Caserta, colono «vicino» ai Casalesi chiede i danni allo Stato dopo lo sfratto

 

di Rosaria Capacchione

CASERTA (24 luglio) - Ha detto che da quella terra, almeno per ora, non se ne andrà. I meloni, per esempio. Chi li raccoglierà se lui sarà obbligato allo sfratto? E i pomodori? E le barbabietole? A dare retta a Ettore Cantelli, colono della tenuta «La Balzana», senza di lui sarà impossibile far sopravvivere l’azienda, 220 ettari di terreno fertilissimo, gioiello zootecnico appartenuto alla Cirio e poi rilevato dalla famiglia Passarelli da Casal di Principe, in nome e per conto di Francesco e Walter Schiavone. Il clan dei Casalesi, insomma. Anzi, sempre a sentire Cantelli, lo Stato gli deve qualcosa: sei milioni di euro per migliorie apportate alle abitazioni coloniche, ai capannoni, alle recinzioni.

Così, Cantelli ha fatto due cose: ha notificato la richiesta di risarcimento al custode nominato dal tribunale 15 anni fa, e si è opposto allo sfratto. Quando gli ufficiali giudiziari si sono presentati in azienda, a Santa Maria la Fossa, si è trasformato nel più strenuo e determinato difensore delle piantagioni di meloni. Ha ottenuto una proroga, ma il 15 settembre, quale che sia lo stato delle coltivazioni, dovrà andare via.

A qualcuno potrebbe venire il dubbio che, in fondo, il nostro contadino Cantelli abbia sostanzialmente ragione e che è un vero peccato distruggere frutta e verdura faticosamente coltivate su terreni più vasti dell’intero quartiere di Fuorigrotta.

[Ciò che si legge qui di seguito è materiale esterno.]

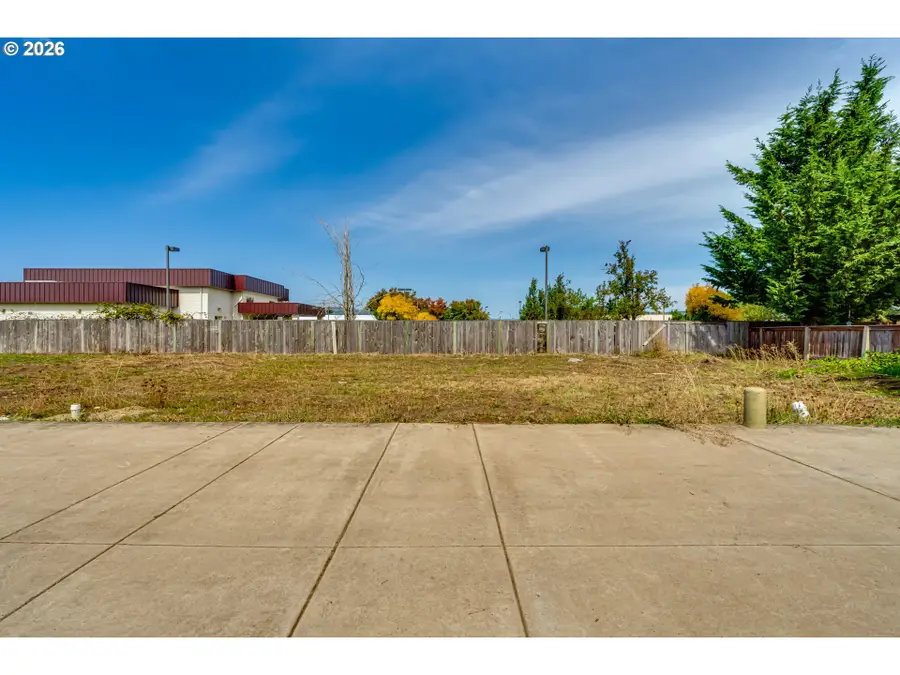 S 41st Pl #2, Springfield, OR 97478 - #3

E anche il risarcimento: cos’ha a che vedere un colono con la confisca? Ma le cose, in realtà, stanno in maniera diversa. Le migliorie, per esempio, a messo che siano state fatte, non sono mai state autorizzate dal tribunale né dal custode, Salvatore Ziccardi, al quale l’ingiunzione è stata notificata una decina di giorni fa.

Passiamo al contratto di locazione. È scaduto da anni, e non è mai stato rinnovato. Anche il canone - 68.000 euro l’anno - non è stato pagato, se non per la parte spettante al proprietario della quota di azienda non confiscata, e versata nelle casse di Ipam, zuccherificio sequestrato nel processo Spartacus e dissequestrato all’indomani della morte di Dante Passarelli, che dell’azienda era il proprietario.

Infine, la figura di Ettore Cantelli. Non è un colono qualunque, perché è strettamente imparentato con la famiglia Passarelli. La figlia Susanna, infatti, ha sposato Franco, primogenito dell’imprenditore morto misteriosamente nel 2004, detenuto da oltre un anno per estorsione. Susanna Cantelli è anche la titolare dello zuccherificio Kerò, che ha rilevato mezzi e contratti che erano stati di Ipam e che è stato sequestrato la passata settimana dalla Dda di Napoli.
Come dire, il nostro è persona di strettissima fiducia della casa. E anche del clan dei Casalesi. Una per tutte. Quattro anni fa, per la precisione alla metà di maggio del 2006, si scoprì che la Balzana era stata trasformata in un’armeria, forse in una base di appoggio per killer. Nel corso di una perquisizione, i carabinieri trovarono fucili e pistole, oltre a un discreto quantitativo di munizioni. Armi risultate rubate (un fucile era stato sottratto nel 2003 a Sant’Andrea del Pizzone, l’altro al Nord, oltre dieci anni prima) e tenute in perfetto stato di efficienza, ben oliate, pronte a essere usate. Cantelli e un suo aiutante, un bracciante albanese, furono arrestati per detenzione illegale e ricettazione di armi da fuoco e munizioni.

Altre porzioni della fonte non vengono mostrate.